ASEAN Seeks Foreign Investment for Railway
Southeast Asian nations will look for foreign investment for a proposed railway line from Singapore to the Chinese city of Kunming that is expected to bolster regional trade, Malaysia's trade minister said Monday. Rafidah Aziz acknowledged it would not be easy to woo private investment as it will involve clearing land mines in Cambodia and Laos.
Southeast Asian nations will look for foreign investment for a proposed railway line from Singapore to the Chinese city of Kunming that is expected to bolster regional trade, Malaysia's trade minister said Monday.

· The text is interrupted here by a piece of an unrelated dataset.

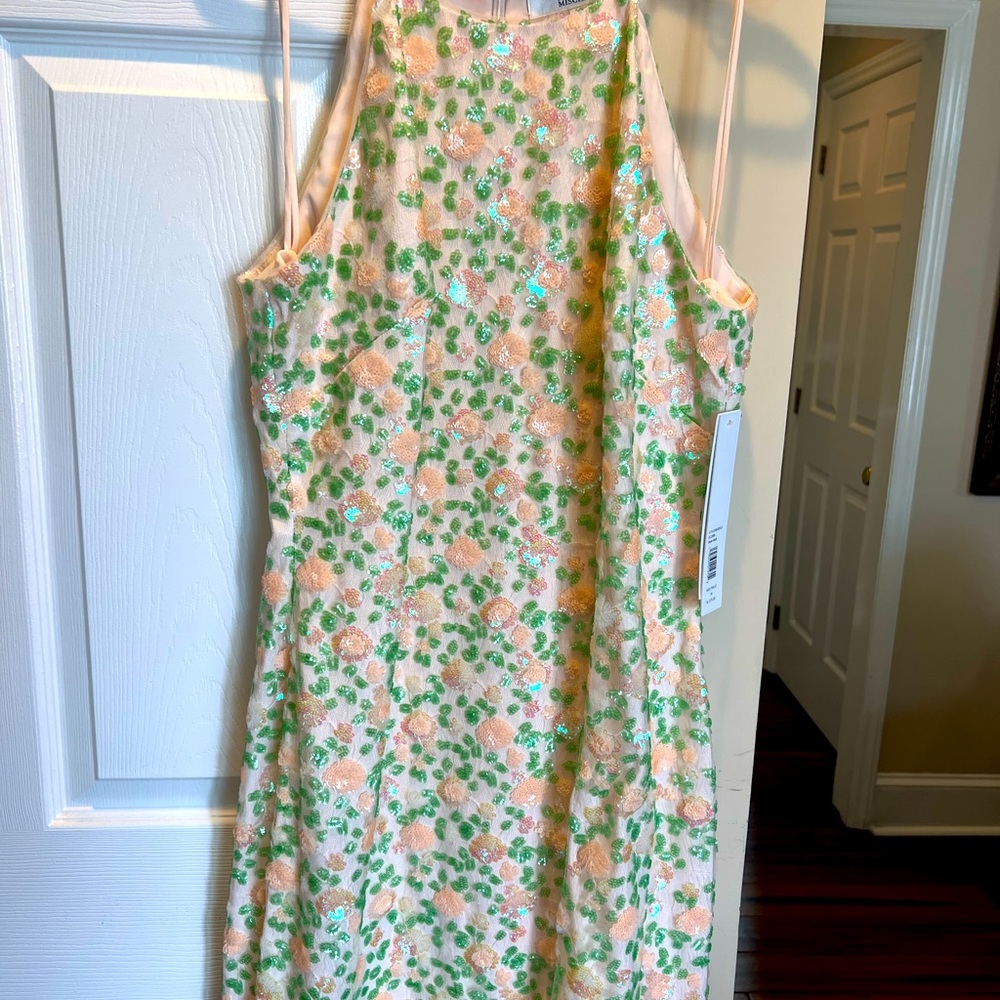 NWTS Badgley Mischka Sequinned Halter Dress Size 16 Multi Bloom MSRP $375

Rafidah Aziz said feasibility studies to identify the best route for the rail line spanning over 5,000 kilometers (3,000 miles) as well as dozens of connecting rails to link it to major towns in the region have been completed.
"Now is the time for us to market it to private investors and private organizations," she said. "We want to get funding quickly so we can implement the project without any delays," she said.
Some members of the 10-member Association of Southeast Asian Nations, or ASEAN, has begun to rehabilitate national rail tracks and construct new rails funded by donors such as South Korea and the Asian Development Bank, but overall financing is inadequate, she said.
"It's a long-term project and the capital outlay will be massive," she told reporters after chairing an ASEAN ministerial meeting on development cooperation in the Mekong Basin.
Specific details of investment needed in the project will be unveiled at a conference next year to be held in Malaysia before July, she said, adding that Thailand will chair a committee to seek financing for the project.
She didn't say how much the project is worth but trade officials estimate it will cost at least 1.8 billion dollars (euro1.5 billion).
The Singapore-Kunming rail link is expected to be a major trade boost for impoverished ASEAN members such as Cambodia and landlocked Laos, which are struggling to speed up economic development after years of isolation.
Rafidah acknowledged it would not be easy to woo private investment as it will involve construction in difficult terrain in some countries, clearing land mines in Cambodia and Laos, and harmonizing customs and immigration.
She urged ASEAN nations involved in the rail project to offer incentives such as land, tax exemptions and other facilities to woo investors.
"The railway project in the Mekong Basin where it's virgin territory is not going to be immediately viable, so there must be spinoffs from there," she said.